#### [TASK REQUIREMENTS]
Please set down, word for word, each line from the one containing "Open semitrailer with" through the final line of the records below, both included, and nothing else.

--- START ---

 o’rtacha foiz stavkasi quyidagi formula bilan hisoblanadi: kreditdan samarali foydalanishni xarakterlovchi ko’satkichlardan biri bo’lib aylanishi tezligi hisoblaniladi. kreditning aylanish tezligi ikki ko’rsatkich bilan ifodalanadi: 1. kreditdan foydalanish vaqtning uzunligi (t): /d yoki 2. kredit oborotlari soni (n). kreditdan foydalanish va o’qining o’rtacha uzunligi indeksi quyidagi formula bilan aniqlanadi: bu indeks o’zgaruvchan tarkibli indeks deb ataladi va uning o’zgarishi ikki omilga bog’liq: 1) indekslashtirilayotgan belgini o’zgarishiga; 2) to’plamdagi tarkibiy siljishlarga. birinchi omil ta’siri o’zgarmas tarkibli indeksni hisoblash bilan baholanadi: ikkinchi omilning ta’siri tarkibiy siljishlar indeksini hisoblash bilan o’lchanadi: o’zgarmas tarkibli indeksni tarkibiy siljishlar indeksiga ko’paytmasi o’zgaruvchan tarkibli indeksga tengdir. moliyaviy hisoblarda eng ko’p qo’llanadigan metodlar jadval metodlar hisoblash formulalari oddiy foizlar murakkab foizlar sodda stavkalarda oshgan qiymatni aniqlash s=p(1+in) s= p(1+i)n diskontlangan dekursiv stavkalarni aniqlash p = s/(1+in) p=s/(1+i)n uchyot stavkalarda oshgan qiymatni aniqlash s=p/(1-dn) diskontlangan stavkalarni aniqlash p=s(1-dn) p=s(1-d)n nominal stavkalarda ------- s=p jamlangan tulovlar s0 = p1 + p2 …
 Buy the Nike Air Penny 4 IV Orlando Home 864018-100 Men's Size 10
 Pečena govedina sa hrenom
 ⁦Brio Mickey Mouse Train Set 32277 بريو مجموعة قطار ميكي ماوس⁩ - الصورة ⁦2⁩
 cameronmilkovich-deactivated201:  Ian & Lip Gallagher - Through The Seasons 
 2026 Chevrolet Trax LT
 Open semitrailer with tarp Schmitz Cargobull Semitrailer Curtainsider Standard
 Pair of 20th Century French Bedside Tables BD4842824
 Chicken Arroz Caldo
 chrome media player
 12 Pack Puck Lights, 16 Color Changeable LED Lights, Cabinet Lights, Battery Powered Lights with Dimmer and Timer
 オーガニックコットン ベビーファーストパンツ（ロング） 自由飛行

--- END ---

#### [SOLUTION TO THIS TASK]
 Open semitrailer with tarp Schmitz Cargobull Semitrailer Curtainsider Standard
 Pair of 20th Century French Bedside Tables BD4842824
 Chicken Arroz Caldo
 chrome media player
 12 Pack Puck Lights, 16 Color Changeable LED Lights, Cabinet Lights, Battery Powered Lights with Dimmer and Timer
 オーガニックコットン ベビーファーストパンツ（ロング） 自由飛行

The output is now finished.